Preliminary estimation of the basic reproduction number of novel coronavirus (2019-nCoV) in China, from 2019 to 2020: A data-driven analysis in the early phase of the outbreak - PubMed (original) (raw)
Preliminary estimation of the basic reproduction number of novel coronavirus (2019-nCoV) in China, from 2019 to 2020: A data-driven analysis in the early phase of the outbreak
Shi Zhao et al. Int J Infect Dis. 2020 Mar.
Abstract
Backgrounds: An ongoing outbreak of a novel coronavirus (2019-nCoV) pneumonia hit a major city in China, Wuhan, December 2019 and subsequently reached other provinces/regions of China and other countries. We present estimates of the basic reproduction number, R0, of 2019-nCoV in the early phase of the outbreak.
Methods: Accounting for the impact of the variations in disease reporting rate, we modelled the epidemic curve of 2019-nCoV cases time series, in mainland China from January 10 to January 24, 2020, through the exponential growth.
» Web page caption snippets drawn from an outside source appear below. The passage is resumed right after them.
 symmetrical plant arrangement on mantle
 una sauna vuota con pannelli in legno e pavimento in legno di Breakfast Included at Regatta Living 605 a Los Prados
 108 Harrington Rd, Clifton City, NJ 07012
With the estimated intrinsic growth rate (γ), we estimated R0 by using the serial intervals (SI) of two other well-known coronavirus diseases, MERS and SARS, as approximations for the true unknown SI.
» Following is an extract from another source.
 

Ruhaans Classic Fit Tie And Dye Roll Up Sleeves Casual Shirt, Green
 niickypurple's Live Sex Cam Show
Findings: The early outbreak data largely follows the exponential growth. We estimated that the mean R0 ranges from 2.24 (95%CI: 1.96-2.55) to 3.58 (95%CI: 2.89-4.39) associated with 8-fold to 2-fold increase in the reporting rate. We demonstrated that changes in reporting rate substantially affect estimates of R0.
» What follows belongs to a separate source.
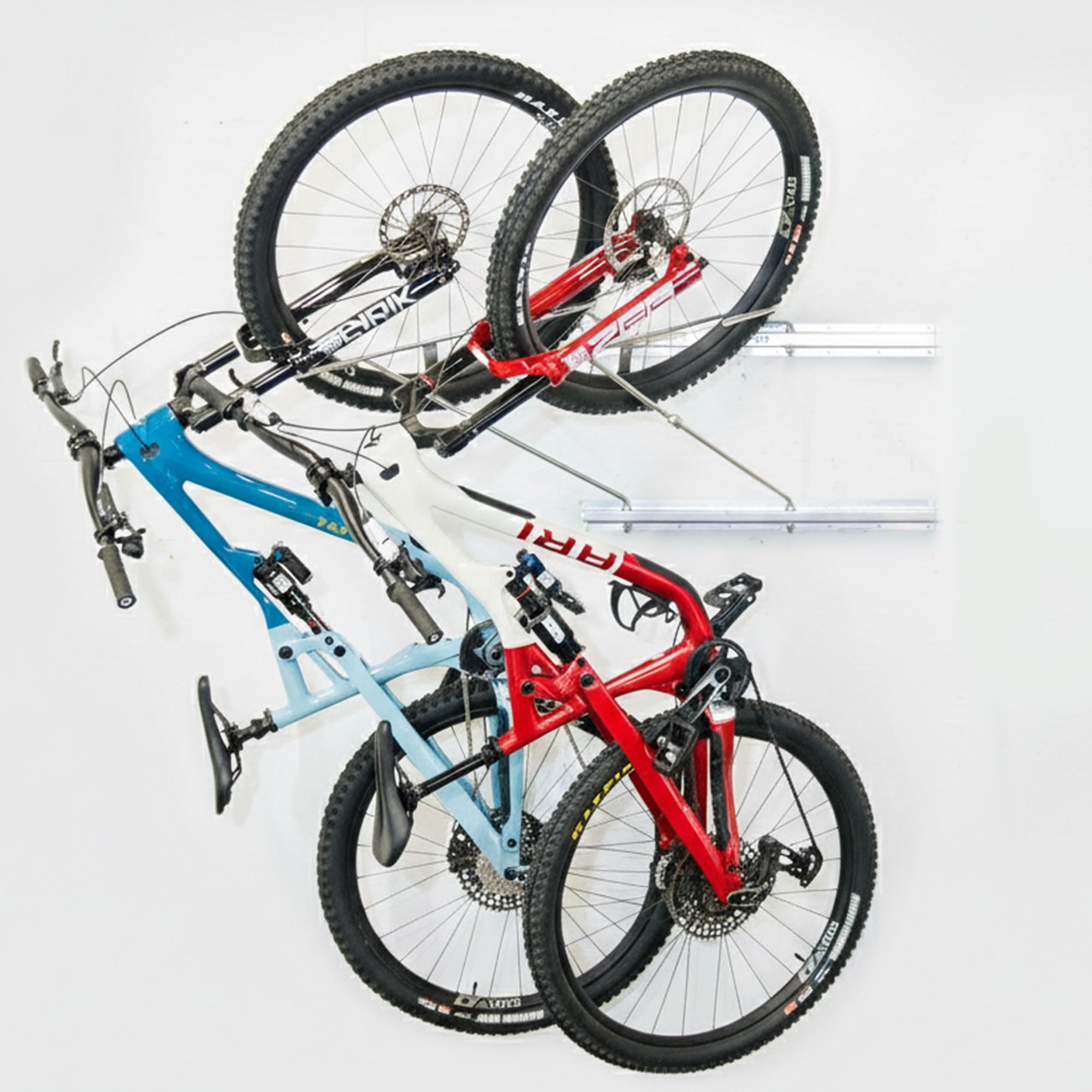 VelociRAX Portabici da garage – Supporto verticale da parete per 2 bici con accesso inclinabile e pivot – Sistema di stoccaggio modulare regolabile per mountain bike, bici da strada ed elettriche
Conclusion: The mean estimate of R0 for the 2019-nCoV ranges from 2.24 to 3.58, and is significantly larger than 1. Our findings indicate the potential of 2019-nCoV to cause outbreaks.
Keywords: Basic reproduction number; Novel coronavirus (2019-nCoV).
Copyright © 2020 The Author(s). Published by Elsevier Ltd.. All rights reserved.
Figures
Figure 1
The scenarios of the change in the reporting rate (top panels) and the exponential growth fitting (bottom panels). The top panels, i.e., (a), (c), (e), (g), (i) and (k), show the assumed change in the reporting rate. The bottom panels, i.e., (b), (d), (f), (h), (j) and (l), show the reported (or observed, green circles), adjusted (blue dots) and fitted (blue curve) number of 2019-nCoV infections, and the blue dashed lines are the 95%CI. The vertical grey line represents the date of January 16, 2020, after which the official diagnostic protocol was released by the WHO (World Health Organization, 2020). Panels (a) and (b) show the scenarios that the reporting rate was unchanged. Panels (c) and (d) show the scenarios that the reporting rate increased by 0.5-fold. Panels (e) and (f) show the scenarios that the reporting rate increased by 1-fold. Panels (g) and (h) show the scenarios that the reporting rate increased by 2-fold. Panels (i) and (j) show the scenarios that the reporting rate increased by 4-fold. Panels (k) and (l) show the scenarios that the reporting rate increased by 8-fold.
Comment in
- Comments on "Preliminary estimation of the basic reproduction number of novel Coronavirus (2019-nCoV) in China, from 2019 to 2020: A data-driven Analysis in the early phase of the outbreak".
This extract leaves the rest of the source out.